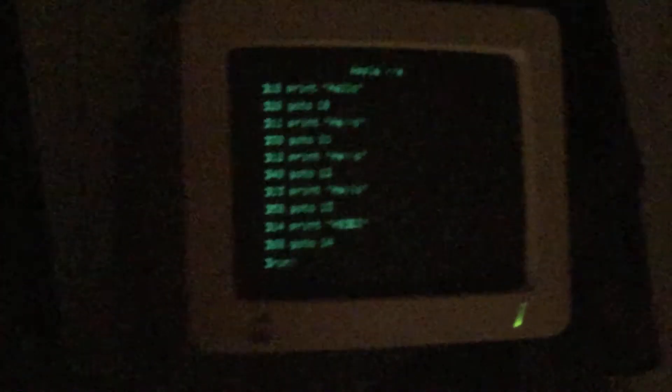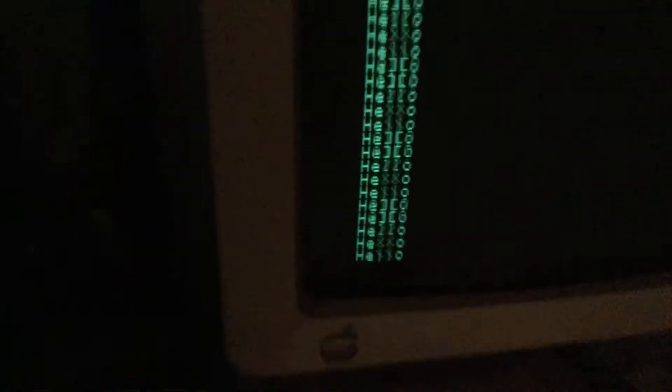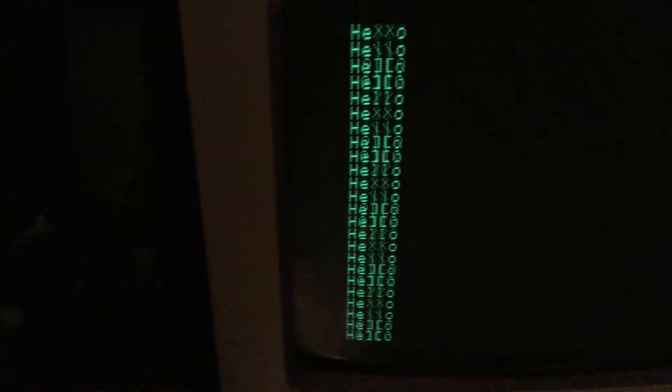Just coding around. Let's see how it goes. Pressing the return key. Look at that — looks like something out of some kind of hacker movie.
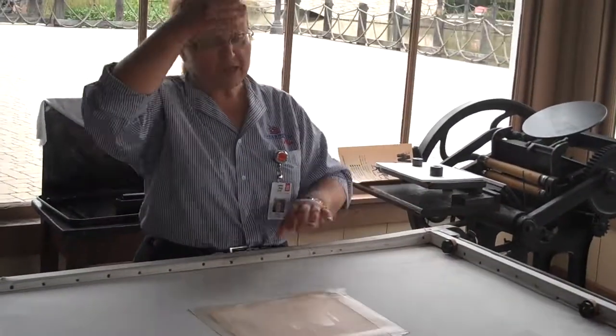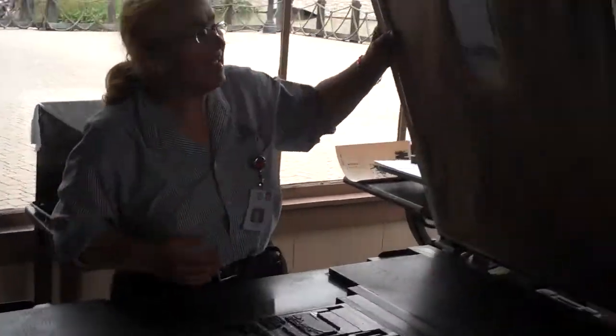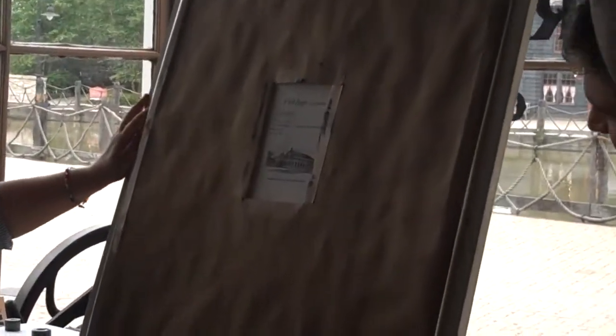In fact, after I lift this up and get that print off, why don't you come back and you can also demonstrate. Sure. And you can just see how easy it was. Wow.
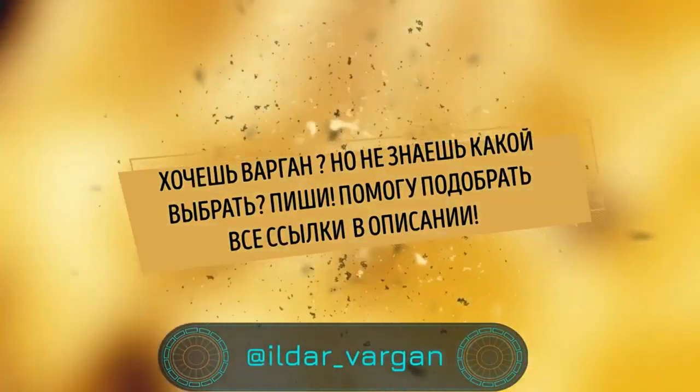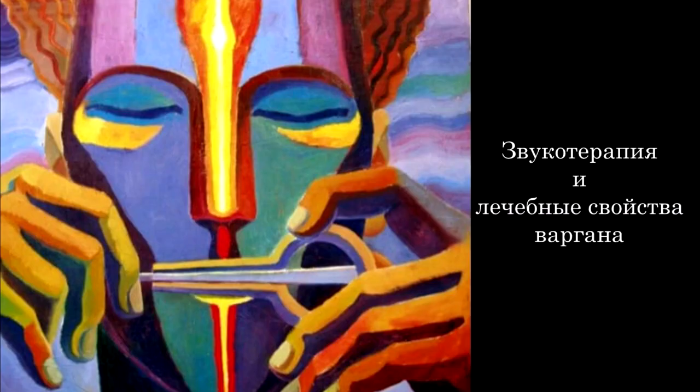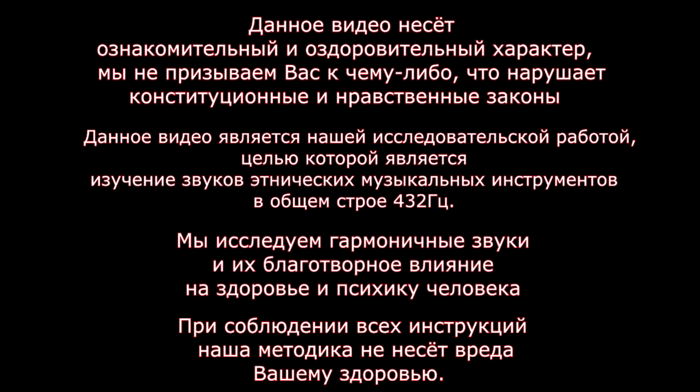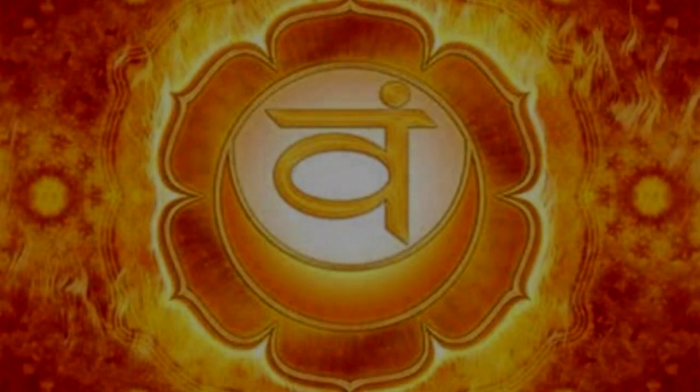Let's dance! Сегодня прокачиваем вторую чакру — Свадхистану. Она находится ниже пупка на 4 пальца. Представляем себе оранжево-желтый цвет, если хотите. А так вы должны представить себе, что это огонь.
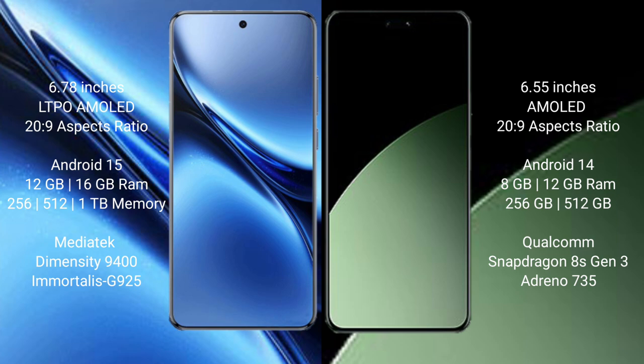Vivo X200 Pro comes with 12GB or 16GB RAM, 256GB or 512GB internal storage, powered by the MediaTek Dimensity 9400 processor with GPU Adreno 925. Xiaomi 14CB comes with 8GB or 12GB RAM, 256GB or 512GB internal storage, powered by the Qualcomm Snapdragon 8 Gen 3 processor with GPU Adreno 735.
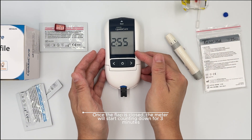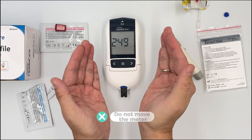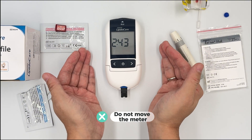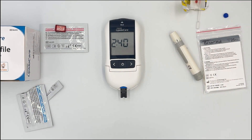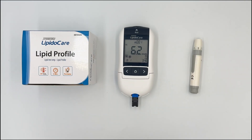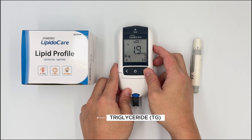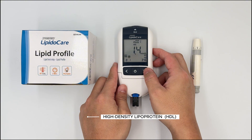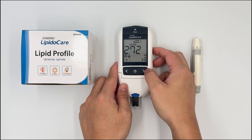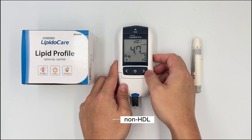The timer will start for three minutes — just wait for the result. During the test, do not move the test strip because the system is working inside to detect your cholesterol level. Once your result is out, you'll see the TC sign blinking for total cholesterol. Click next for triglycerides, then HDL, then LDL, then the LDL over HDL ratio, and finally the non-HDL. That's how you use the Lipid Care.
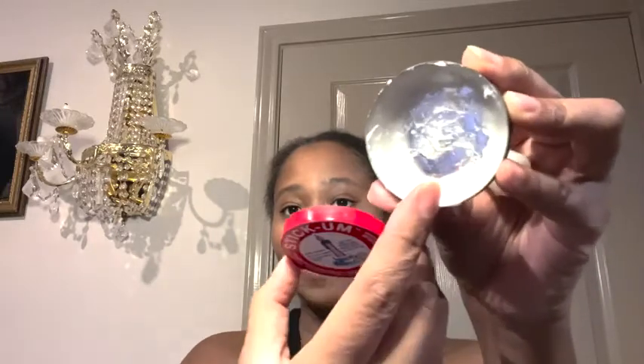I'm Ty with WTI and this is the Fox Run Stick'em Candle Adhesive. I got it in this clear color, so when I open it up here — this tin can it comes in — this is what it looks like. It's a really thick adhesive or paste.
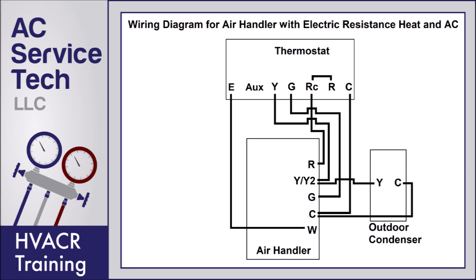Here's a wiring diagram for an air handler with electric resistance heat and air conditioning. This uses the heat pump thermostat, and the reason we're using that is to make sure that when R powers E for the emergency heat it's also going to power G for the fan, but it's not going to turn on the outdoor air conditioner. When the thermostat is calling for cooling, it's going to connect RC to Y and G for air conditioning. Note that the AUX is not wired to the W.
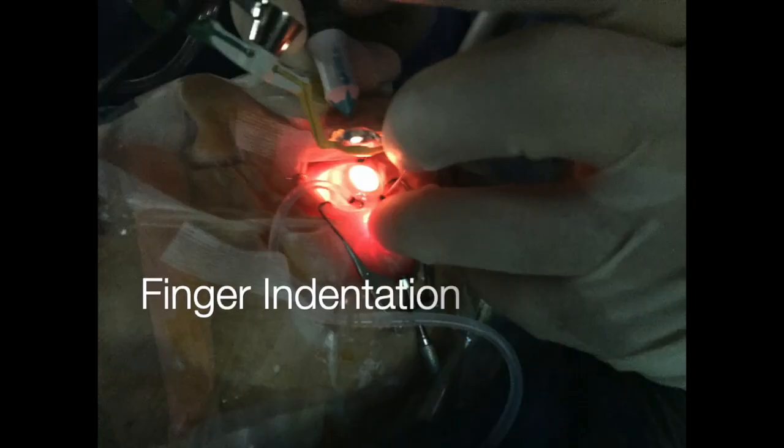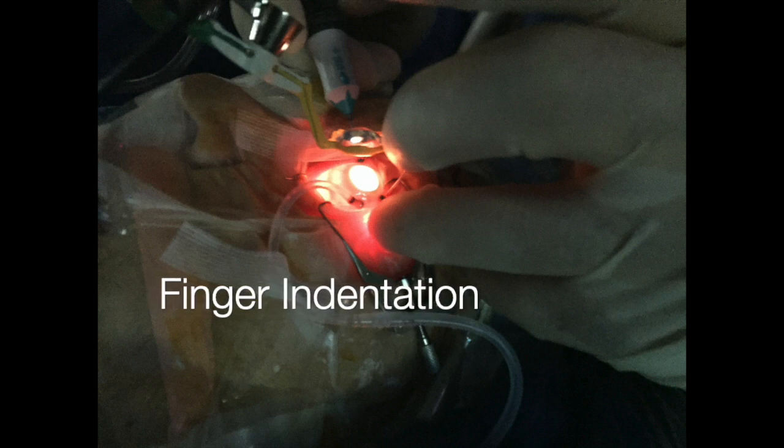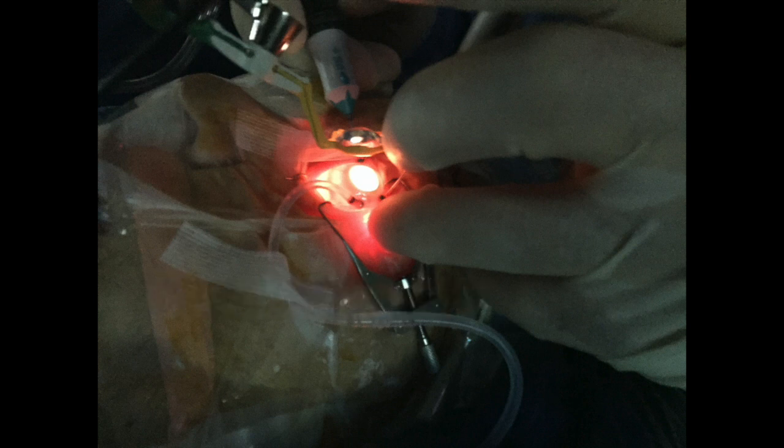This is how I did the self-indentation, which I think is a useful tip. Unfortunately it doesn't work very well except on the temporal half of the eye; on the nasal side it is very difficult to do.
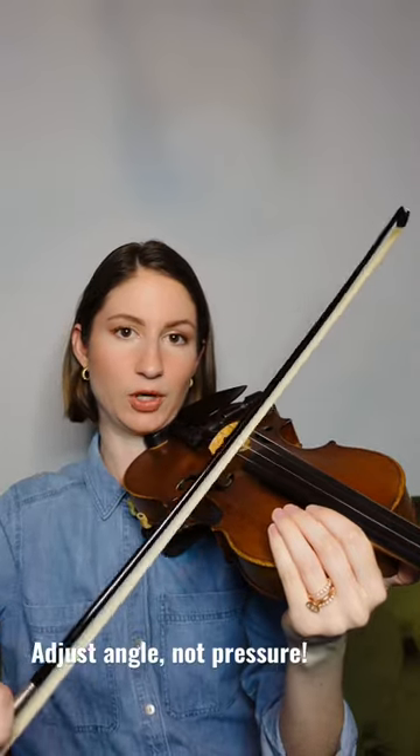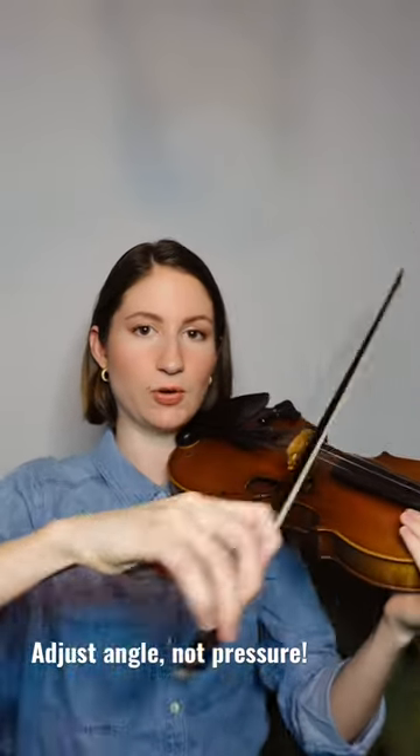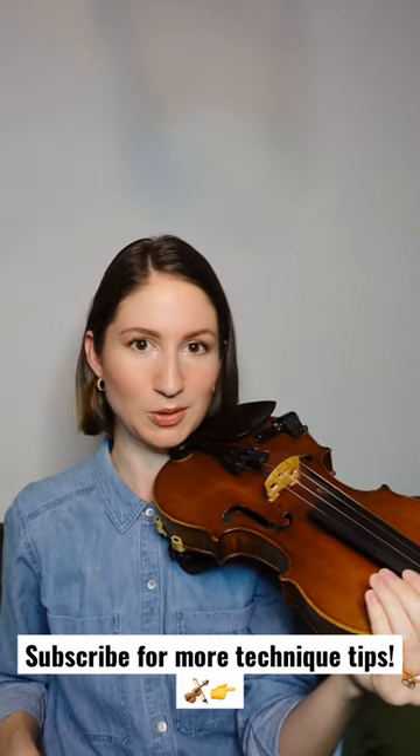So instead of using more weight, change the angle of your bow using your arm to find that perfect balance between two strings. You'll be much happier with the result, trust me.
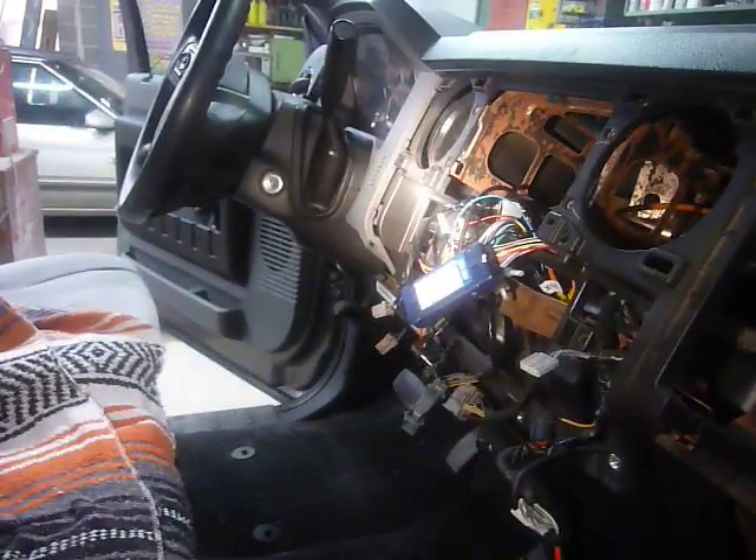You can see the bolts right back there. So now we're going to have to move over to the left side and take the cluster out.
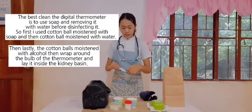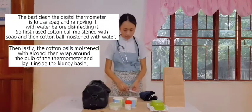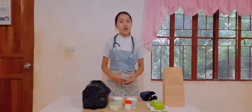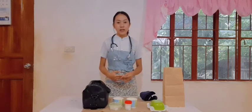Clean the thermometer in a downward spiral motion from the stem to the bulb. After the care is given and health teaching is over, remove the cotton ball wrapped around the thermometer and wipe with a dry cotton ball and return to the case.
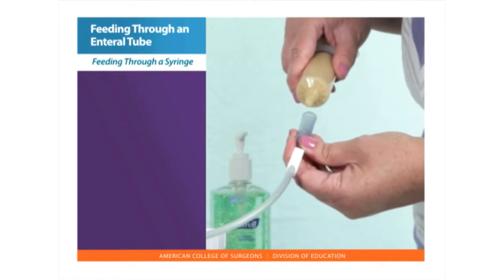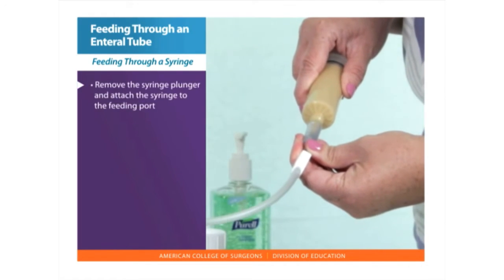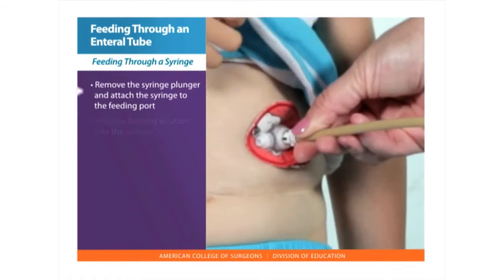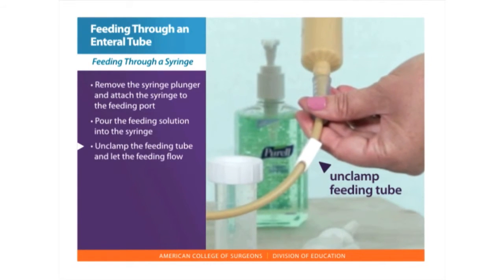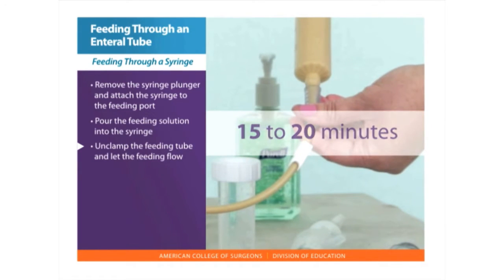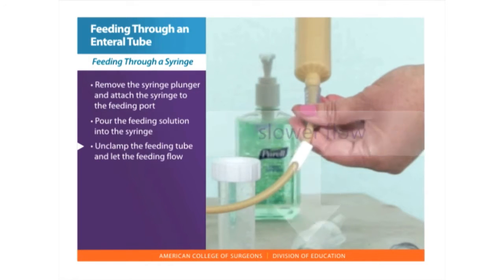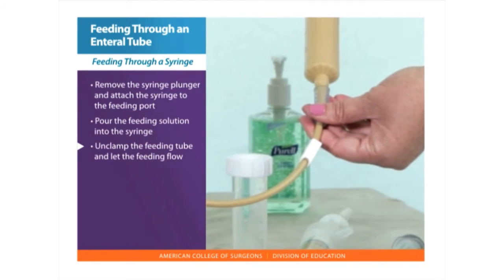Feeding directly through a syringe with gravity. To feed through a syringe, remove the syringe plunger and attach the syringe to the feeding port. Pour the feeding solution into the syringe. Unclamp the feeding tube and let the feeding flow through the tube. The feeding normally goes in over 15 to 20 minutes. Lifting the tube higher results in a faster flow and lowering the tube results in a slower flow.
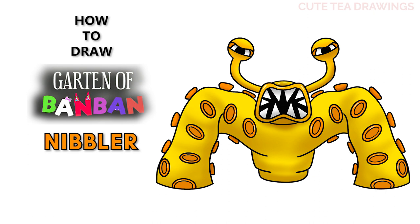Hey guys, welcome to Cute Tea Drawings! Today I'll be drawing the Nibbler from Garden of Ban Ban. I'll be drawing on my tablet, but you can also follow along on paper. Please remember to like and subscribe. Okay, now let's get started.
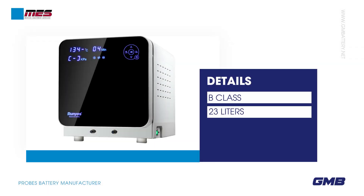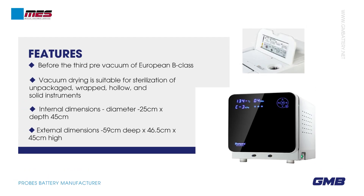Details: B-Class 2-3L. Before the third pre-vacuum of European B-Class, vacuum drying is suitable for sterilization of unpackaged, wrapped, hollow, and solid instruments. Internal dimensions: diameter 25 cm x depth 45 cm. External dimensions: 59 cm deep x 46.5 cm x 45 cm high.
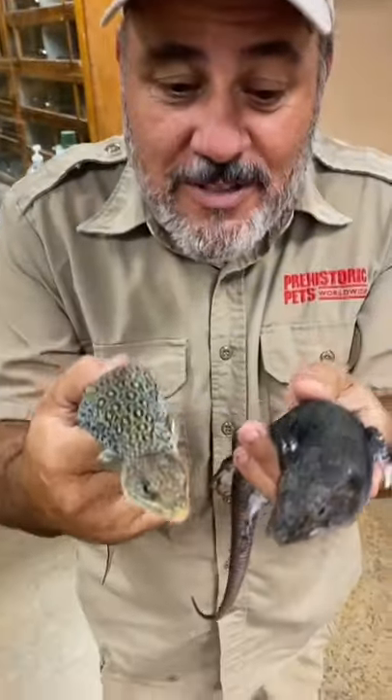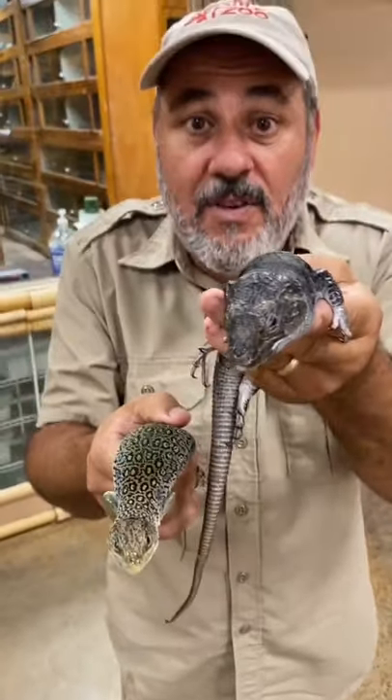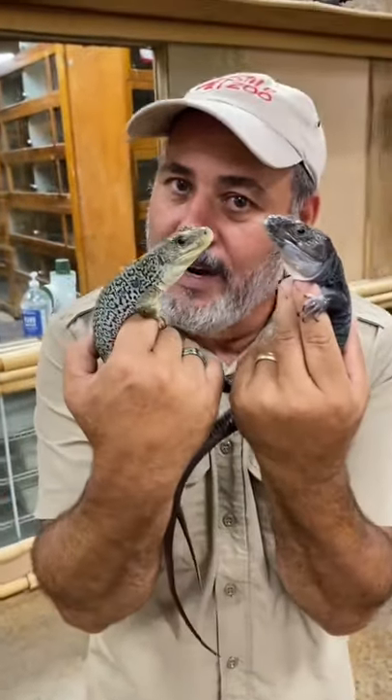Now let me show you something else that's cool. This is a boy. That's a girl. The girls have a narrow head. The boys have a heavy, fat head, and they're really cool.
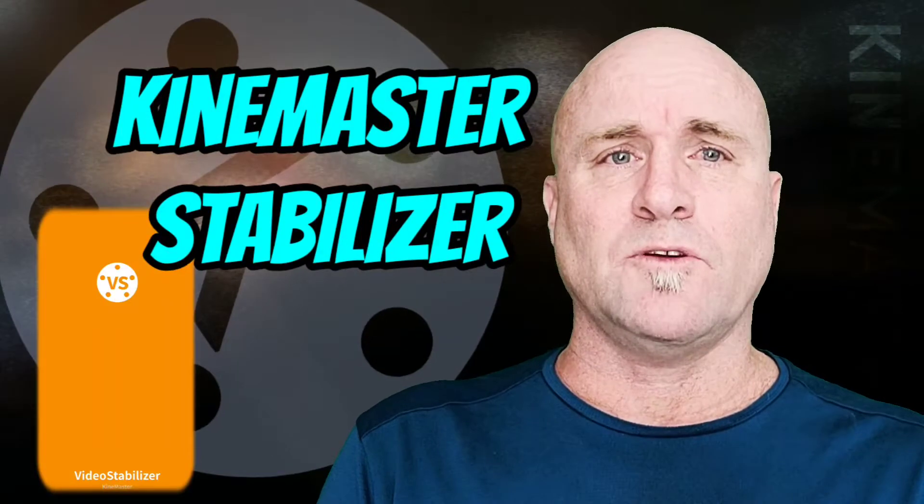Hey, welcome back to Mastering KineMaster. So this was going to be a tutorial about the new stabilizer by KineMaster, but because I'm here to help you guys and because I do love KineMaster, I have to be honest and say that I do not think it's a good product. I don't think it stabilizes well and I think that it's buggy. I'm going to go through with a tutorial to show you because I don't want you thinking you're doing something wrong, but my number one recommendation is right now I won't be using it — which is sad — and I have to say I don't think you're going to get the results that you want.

**Problem details:** Would you copy the lines above exactly, starting with the one that has "This is how" and ending with the one that has "Feeding directly through", both included, without the pictures?

**Solution:**
This is how I did the self-indentation, which I think is a useful tip. Unfortunately it doesn't work very well except on the temporal half of the eye; on the nasal side it is very difficult to do.
So instead of using more weight, change the angle of your bow using your arm to find that perfect balance between two strings. You'll be much happier with the result, trust me.
You can see the bolts right back there. So now we're going to have to move over to the left side and take the cluster out.
Clean the thermometer in a downward spiral motion from the stem to the bulb. After the care is given and health teaching is over, remove the cotton ball wrapped around the thermometer and wipe with a dry cotton ball and return to the case.
Feeding directly through a syringe with gravity. To feed through a syringe, remove the syringe plunger and attach the syringe to the feeding port. Pour the feeding solution into the syringe. Unclamp the feeding tube and let the feeding flow through the tube. The feeding normally goes in over 15 to 20 minutes. Lifting the tube higher results in a faster flow and lowering the tube results in a slower flow.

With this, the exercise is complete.